At the same time, demand has become highly unpredictable, with buyers now seeking more flexibility and short-term commitment.
"I was in Singapore last week and Asian participants were talking about 50% of the contracts being short term by 2025," she said. "Although that is a wishful thinking, it shows the mood." Companies such as Total and Shell have increased their portfolios to adapt to demand flexibility requirements, she said.
Geopolitics has also become more uncertain with the emergence of embargoes and sanctions, which is counterproductive to the market development. she said.
Versatility, creativity and speed are key to success in the evolving market, she said.
Gazprom and Novatek, the two leading Russian gas and LNG players, also compete with each other as both export to Europe and Asia.
Mitrova pointed to a reduction in Gazprom's exports to Europe in December, while LNG exports from Novatek's Yamal LNG to Europe due to low Asian prices and uneconomical spreads.
In November and December, Russian natural gas exports to Europe fell 6.3 million cu m/d and 0.4 million cu m/d year on year respectively, S&P Global Platts data show.
Russia could implement an integrated export strategy like it did with oil, Mitrova suggested, adding that there was an opportunity to provide flexible supply with gas for baseload and LNG for peak demand, for instance.
Gazprom's share of the European gas market in 2018 rose to 36.7% from 34.2% in 2017. Currently, 75% of its European sales are secured by long-term contracts.

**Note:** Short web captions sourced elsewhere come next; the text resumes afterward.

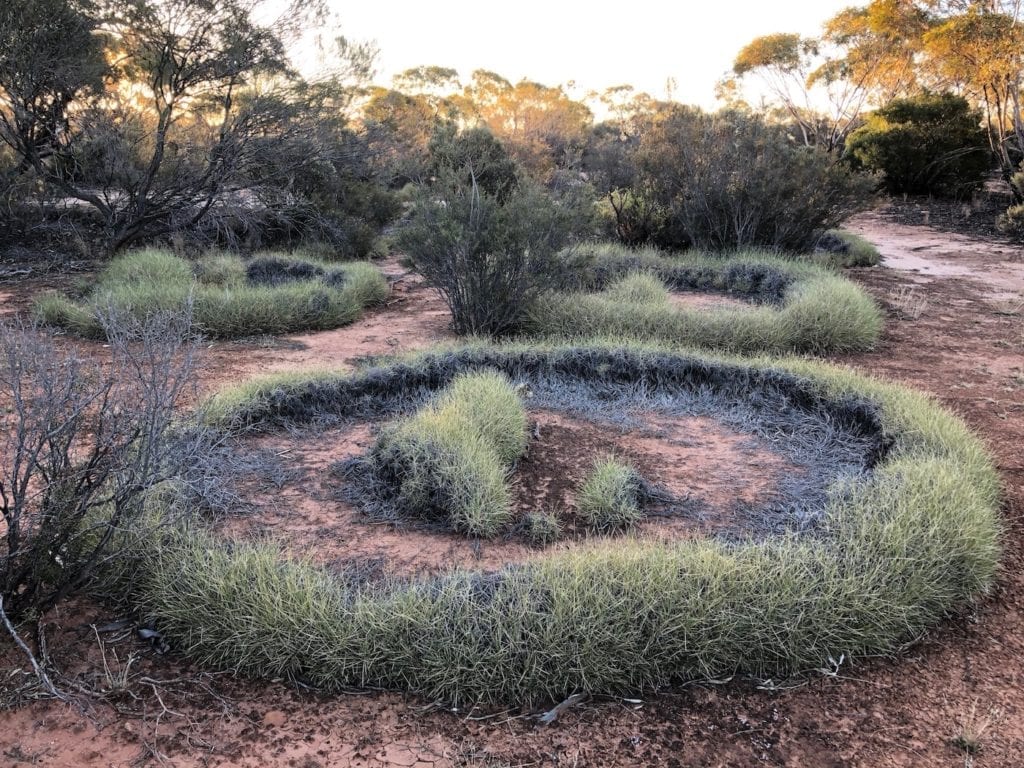 Beautiful spinifex circles near Lake Throssell, Great Central Road.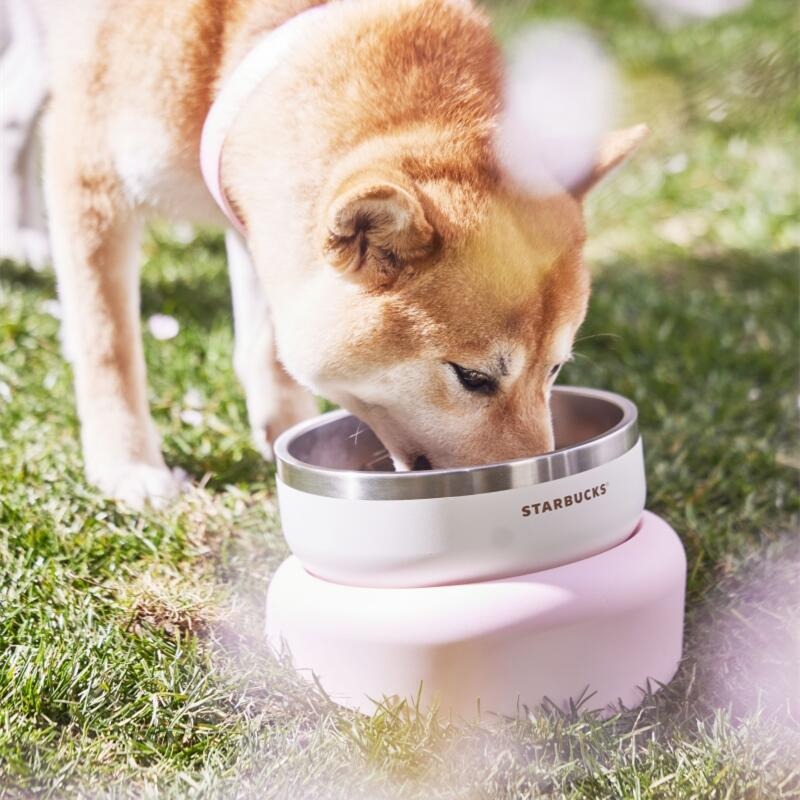 Bowl Mascota Starbucks China 2024 spring walk series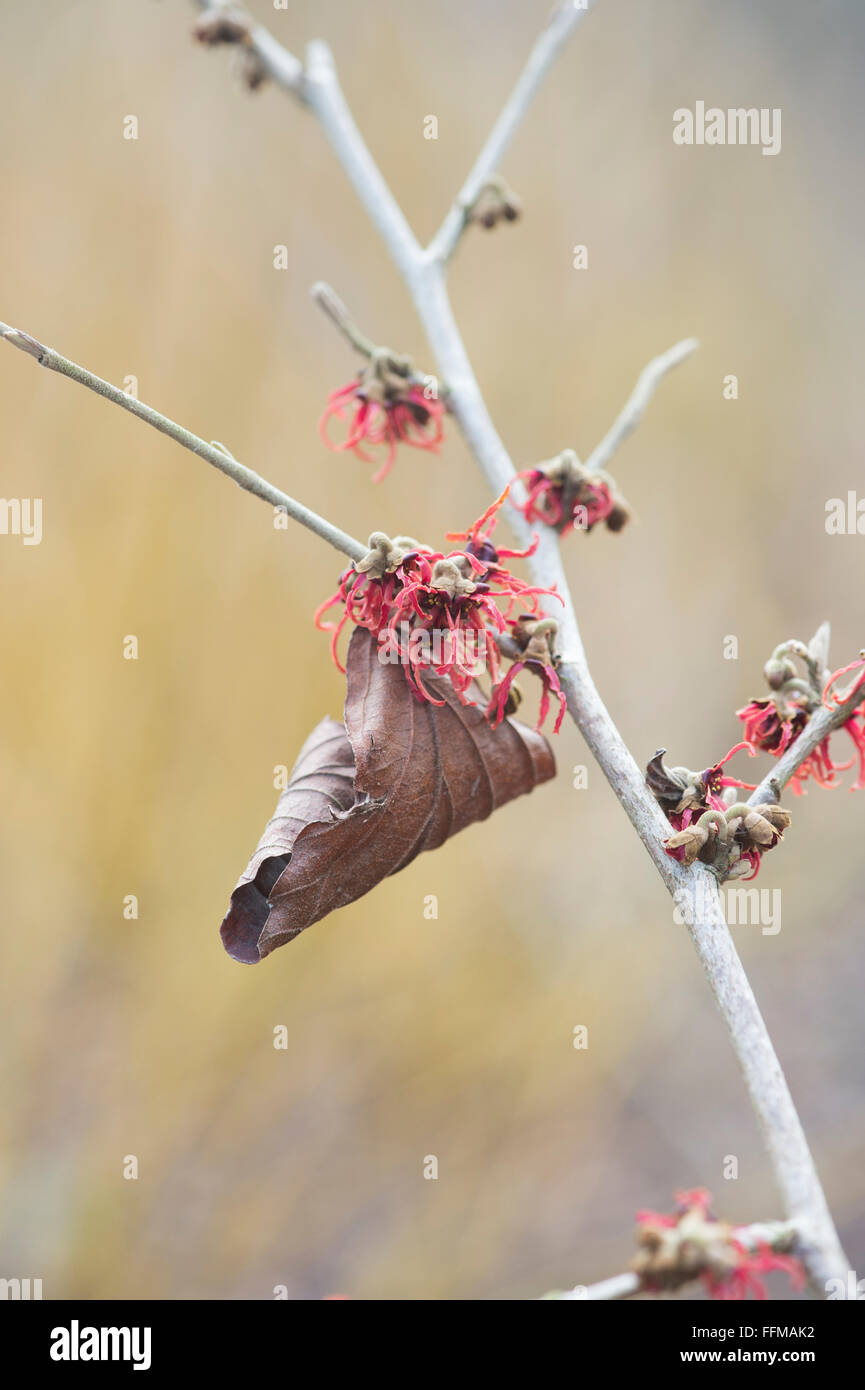Hamamelis x Intermedia Rubin. Amamelide 'Rubin' fioritura in inverno. Regno Unito Foto Stock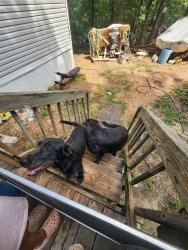 Found/Stray Male Dog last seen Millcreek rd, Saline County, AR 72103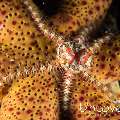 Brittle Star, Starfish, photo taken in Indonesia, Bali, Tulamben, Bulakan Slope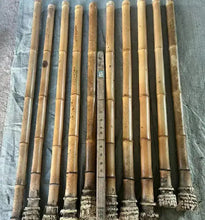 Lade das Bild in den Galerie-Viewer, Premium hand-straightened L29"-39"(75-100 cm)ID(1.6-2.5cm)Madake Bamboo with Root Ball for Shakuhachi and Flute Making NaturalMateriaStudio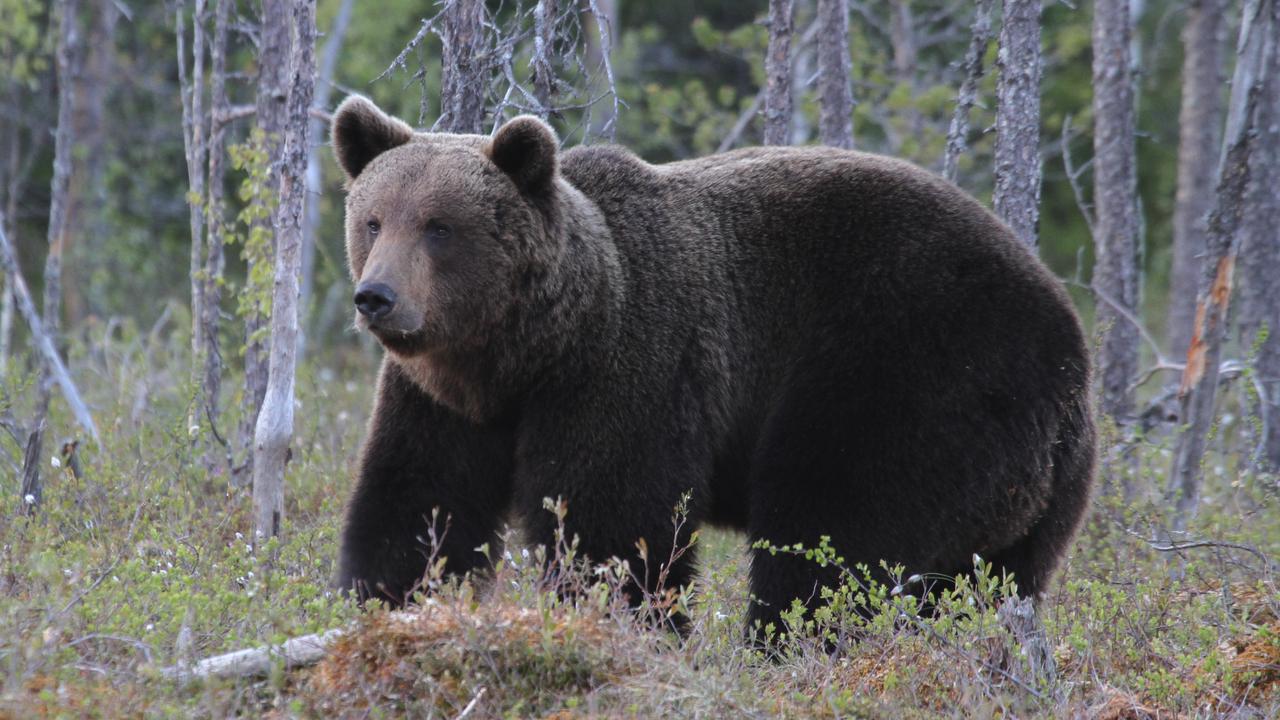 Bear in the woods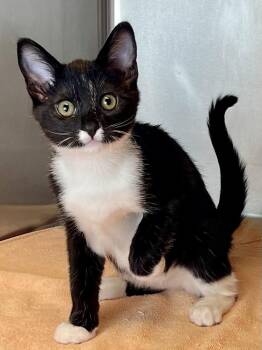 Pluto -  Domestic Short Hair Cat for Adoption in Jamestown, California - Pluto | PetCurious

The trend is set to continue with the expected implementation of the 55 Bcm Nord Stream 2 pipeline to Germany, she said.
On the other hand, Novatek is expanding its position as national LNG champion with capacity expansion expected to increase by more than 20 million mt/year by 2023-24.
Russia currently exports LNG from two plants -- Gazprom's 10 million mt/year Sakhalin 2 and Novatek's 16.5 million mt/year Yamal LNG.
Russian LNG exports are expected to grow significantly by 2025, due to the 19.8 million mt/year Arctic LNG 2 and the 10 million mt/year Baltic LNG.
Russia's share of the global LNG market has the potential to grow to 12-13% by 2025 from 5% in 2017, Mitrova said.